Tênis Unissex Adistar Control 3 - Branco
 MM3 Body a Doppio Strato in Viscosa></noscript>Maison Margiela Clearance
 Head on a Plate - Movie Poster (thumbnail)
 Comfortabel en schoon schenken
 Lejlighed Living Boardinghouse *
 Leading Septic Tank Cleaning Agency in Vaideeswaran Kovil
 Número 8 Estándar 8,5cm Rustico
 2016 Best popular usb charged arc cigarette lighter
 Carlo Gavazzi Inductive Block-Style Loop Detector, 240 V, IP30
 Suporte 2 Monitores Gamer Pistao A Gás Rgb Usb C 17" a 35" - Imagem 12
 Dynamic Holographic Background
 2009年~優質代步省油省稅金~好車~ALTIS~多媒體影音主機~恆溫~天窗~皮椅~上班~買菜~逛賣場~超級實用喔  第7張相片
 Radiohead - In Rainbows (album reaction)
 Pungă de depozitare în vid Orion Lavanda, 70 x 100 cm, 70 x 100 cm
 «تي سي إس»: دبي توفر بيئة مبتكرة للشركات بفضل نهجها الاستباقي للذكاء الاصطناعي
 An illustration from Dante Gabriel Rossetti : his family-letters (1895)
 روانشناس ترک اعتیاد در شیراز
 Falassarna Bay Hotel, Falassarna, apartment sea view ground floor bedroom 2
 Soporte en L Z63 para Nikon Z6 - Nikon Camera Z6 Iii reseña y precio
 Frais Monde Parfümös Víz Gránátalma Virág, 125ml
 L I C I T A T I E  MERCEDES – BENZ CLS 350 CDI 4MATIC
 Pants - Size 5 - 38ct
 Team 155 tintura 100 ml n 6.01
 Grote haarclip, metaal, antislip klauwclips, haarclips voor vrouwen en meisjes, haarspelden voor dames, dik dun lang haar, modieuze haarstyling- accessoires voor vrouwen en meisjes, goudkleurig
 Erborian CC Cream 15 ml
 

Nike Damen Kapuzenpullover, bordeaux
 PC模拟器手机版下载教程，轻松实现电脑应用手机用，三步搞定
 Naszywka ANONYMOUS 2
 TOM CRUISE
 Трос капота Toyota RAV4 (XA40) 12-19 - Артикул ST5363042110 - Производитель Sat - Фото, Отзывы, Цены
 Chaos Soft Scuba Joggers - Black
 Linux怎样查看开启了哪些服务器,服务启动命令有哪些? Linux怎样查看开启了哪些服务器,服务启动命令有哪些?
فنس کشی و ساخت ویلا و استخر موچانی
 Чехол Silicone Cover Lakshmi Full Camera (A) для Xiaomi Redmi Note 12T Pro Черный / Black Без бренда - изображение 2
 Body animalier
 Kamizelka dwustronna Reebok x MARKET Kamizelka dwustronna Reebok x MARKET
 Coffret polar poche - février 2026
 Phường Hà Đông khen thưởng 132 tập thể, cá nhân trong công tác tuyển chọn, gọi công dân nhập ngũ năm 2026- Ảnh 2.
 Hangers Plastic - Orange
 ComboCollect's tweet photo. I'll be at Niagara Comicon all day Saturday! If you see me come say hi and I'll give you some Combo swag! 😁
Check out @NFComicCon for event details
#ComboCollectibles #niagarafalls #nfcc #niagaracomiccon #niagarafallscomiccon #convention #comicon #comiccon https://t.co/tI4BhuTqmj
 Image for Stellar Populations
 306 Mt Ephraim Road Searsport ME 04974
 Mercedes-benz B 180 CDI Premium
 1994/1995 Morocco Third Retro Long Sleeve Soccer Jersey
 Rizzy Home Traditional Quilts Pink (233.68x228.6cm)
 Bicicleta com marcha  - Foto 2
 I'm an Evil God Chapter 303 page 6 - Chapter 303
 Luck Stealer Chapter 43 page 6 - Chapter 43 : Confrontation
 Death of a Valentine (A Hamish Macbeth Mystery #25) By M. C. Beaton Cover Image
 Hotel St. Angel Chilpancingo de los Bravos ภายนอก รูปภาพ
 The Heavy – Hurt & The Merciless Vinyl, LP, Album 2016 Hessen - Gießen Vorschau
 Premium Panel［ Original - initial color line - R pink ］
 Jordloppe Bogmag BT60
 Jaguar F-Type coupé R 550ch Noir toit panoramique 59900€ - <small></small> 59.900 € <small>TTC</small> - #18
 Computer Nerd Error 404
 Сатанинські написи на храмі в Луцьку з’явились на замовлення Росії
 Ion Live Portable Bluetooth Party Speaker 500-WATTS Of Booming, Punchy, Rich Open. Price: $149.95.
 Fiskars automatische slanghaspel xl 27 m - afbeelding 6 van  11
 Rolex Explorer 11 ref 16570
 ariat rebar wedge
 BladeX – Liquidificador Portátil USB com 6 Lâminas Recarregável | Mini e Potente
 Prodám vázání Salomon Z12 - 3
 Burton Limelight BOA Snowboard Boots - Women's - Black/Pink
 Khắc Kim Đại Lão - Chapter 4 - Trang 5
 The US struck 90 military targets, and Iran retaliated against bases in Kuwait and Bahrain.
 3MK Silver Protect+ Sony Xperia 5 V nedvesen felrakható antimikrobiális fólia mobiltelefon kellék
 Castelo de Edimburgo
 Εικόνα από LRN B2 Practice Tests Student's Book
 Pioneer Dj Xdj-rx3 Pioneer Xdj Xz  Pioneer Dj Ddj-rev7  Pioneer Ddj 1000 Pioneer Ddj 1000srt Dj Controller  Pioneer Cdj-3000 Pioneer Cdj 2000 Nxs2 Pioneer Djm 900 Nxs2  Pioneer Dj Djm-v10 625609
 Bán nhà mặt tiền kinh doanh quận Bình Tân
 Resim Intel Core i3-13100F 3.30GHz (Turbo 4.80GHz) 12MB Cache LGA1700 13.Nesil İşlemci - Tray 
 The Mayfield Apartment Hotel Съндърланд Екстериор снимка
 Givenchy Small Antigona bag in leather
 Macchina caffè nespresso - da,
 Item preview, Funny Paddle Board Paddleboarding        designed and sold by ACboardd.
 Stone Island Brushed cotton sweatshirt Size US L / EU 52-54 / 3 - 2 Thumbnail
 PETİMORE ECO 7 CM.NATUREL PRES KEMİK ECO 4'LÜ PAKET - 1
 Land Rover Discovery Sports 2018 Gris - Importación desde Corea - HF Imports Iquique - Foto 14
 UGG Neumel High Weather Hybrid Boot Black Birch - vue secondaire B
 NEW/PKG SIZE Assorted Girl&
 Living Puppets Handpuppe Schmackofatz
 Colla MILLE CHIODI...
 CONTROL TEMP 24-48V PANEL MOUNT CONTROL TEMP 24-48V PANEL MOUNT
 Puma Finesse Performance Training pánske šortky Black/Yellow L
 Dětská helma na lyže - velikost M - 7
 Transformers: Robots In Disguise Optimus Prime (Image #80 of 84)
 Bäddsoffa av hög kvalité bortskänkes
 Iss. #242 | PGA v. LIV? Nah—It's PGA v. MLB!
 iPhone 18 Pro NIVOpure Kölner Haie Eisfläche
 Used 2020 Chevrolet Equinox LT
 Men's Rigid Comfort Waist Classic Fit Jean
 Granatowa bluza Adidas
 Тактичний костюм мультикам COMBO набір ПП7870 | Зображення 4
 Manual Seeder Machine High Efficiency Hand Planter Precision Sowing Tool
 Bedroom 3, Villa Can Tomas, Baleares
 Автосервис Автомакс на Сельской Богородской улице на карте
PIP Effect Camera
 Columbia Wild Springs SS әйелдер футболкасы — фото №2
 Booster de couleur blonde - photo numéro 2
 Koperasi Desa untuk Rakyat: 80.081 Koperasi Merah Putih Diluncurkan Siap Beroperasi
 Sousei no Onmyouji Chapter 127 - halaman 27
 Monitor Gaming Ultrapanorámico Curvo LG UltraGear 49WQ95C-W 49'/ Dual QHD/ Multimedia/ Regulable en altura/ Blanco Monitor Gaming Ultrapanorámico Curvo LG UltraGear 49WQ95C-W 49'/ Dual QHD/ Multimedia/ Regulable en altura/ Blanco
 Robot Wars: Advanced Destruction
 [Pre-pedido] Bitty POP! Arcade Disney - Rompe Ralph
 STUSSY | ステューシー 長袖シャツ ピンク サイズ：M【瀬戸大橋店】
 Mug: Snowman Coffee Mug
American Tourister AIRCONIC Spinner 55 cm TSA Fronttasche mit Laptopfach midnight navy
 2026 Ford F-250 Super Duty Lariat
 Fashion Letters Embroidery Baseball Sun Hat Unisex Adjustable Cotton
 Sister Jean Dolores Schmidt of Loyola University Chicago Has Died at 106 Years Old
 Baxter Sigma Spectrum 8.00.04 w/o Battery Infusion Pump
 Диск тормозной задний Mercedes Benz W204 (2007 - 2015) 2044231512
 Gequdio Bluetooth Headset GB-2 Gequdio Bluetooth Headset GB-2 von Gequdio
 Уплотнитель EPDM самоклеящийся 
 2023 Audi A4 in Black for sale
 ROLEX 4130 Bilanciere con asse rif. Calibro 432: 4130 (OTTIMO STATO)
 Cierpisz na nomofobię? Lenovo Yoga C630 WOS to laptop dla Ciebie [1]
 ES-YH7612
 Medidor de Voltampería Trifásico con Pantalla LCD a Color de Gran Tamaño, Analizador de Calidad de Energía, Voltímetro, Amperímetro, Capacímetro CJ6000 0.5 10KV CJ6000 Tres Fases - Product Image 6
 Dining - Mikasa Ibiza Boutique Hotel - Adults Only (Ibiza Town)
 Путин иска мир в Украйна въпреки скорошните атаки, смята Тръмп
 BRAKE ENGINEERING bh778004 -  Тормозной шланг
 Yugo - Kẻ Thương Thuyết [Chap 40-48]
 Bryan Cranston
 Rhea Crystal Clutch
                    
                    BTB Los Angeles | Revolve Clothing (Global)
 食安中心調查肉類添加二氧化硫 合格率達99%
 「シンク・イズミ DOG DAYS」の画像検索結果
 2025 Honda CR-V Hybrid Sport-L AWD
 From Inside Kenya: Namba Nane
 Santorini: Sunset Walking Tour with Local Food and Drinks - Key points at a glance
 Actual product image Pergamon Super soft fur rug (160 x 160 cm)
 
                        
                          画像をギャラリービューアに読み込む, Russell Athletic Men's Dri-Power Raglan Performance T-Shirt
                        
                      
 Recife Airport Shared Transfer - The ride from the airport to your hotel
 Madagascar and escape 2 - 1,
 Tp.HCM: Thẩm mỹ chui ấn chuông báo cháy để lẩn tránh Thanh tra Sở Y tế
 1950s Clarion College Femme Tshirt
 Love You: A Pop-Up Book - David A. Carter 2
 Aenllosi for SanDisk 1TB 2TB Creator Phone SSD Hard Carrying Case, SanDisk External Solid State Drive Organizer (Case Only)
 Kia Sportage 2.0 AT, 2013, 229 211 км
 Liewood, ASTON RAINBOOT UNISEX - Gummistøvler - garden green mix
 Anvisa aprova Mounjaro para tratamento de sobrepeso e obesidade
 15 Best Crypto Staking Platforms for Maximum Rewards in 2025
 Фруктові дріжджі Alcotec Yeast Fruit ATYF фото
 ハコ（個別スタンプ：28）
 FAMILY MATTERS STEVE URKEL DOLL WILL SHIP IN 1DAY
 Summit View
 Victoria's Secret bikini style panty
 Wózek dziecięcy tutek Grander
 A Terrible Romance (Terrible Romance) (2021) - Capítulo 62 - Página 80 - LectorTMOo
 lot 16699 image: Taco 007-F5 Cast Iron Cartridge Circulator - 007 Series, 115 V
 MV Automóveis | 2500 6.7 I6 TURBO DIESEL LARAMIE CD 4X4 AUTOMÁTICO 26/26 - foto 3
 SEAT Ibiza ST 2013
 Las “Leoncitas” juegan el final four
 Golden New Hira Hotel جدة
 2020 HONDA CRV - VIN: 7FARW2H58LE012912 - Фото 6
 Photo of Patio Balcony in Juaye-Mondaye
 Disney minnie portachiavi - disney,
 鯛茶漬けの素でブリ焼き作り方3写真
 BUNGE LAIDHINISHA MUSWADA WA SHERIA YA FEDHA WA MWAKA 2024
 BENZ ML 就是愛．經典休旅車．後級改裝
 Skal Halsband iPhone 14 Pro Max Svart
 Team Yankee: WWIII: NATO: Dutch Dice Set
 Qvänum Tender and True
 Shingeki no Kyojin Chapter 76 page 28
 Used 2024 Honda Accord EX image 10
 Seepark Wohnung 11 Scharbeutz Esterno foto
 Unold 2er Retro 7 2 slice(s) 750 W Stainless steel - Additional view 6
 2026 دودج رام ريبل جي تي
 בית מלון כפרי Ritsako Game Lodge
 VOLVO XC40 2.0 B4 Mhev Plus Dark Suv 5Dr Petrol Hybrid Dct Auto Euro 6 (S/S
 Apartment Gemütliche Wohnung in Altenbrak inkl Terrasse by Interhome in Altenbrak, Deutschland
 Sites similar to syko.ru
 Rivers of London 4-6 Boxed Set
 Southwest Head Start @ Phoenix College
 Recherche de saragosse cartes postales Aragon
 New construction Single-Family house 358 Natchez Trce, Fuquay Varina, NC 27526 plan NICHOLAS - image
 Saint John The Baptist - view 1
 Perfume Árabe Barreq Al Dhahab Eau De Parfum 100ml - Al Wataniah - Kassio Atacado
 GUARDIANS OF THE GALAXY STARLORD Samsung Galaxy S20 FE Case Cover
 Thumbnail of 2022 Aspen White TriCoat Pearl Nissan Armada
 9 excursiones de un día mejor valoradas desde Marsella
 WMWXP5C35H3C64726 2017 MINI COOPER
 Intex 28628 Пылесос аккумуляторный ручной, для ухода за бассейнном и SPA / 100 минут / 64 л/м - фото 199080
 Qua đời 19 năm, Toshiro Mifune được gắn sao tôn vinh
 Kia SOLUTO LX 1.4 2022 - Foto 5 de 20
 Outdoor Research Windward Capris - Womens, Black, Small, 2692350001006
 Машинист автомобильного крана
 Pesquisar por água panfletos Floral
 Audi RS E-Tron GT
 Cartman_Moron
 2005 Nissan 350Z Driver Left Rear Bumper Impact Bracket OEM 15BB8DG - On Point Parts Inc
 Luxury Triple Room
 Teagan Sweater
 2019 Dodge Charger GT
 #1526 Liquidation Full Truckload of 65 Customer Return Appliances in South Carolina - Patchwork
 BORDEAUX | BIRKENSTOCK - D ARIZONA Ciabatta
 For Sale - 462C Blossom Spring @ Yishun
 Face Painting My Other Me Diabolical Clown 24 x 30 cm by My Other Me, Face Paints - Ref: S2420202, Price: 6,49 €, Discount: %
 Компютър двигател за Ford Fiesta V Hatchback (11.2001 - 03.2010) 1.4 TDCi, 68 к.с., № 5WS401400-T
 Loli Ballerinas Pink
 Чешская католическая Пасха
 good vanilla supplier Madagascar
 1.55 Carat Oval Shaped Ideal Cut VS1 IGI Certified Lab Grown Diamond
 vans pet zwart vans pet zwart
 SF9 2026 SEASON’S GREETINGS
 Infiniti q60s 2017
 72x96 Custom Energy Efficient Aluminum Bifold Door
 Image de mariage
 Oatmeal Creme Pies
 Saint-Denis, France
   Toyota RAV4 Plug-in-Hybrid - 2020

Exercise objective
Your answer must be the lines above, unchanged, from the first one through the line that holds "2016 Best popular", inclusive, and no others.

Answer to this task
Tênis Unissex Adistar Control 3 - Branco
 MM3 Body a Doppio Strato in Viscosa></noscript>Maison Margiela Clearance
 Head on a Plate - Movie Poster (thumbnail)
 Comfortabel en schoon schenken
 Lejlighed Living Boardinghouse *
 Leading Septic Tank Cleaning Agency in Vaideeswaran Kovil
 Número 8 Estándar 8,5cm Rustico
 2016 Best popular usb charged arc cigarette lighter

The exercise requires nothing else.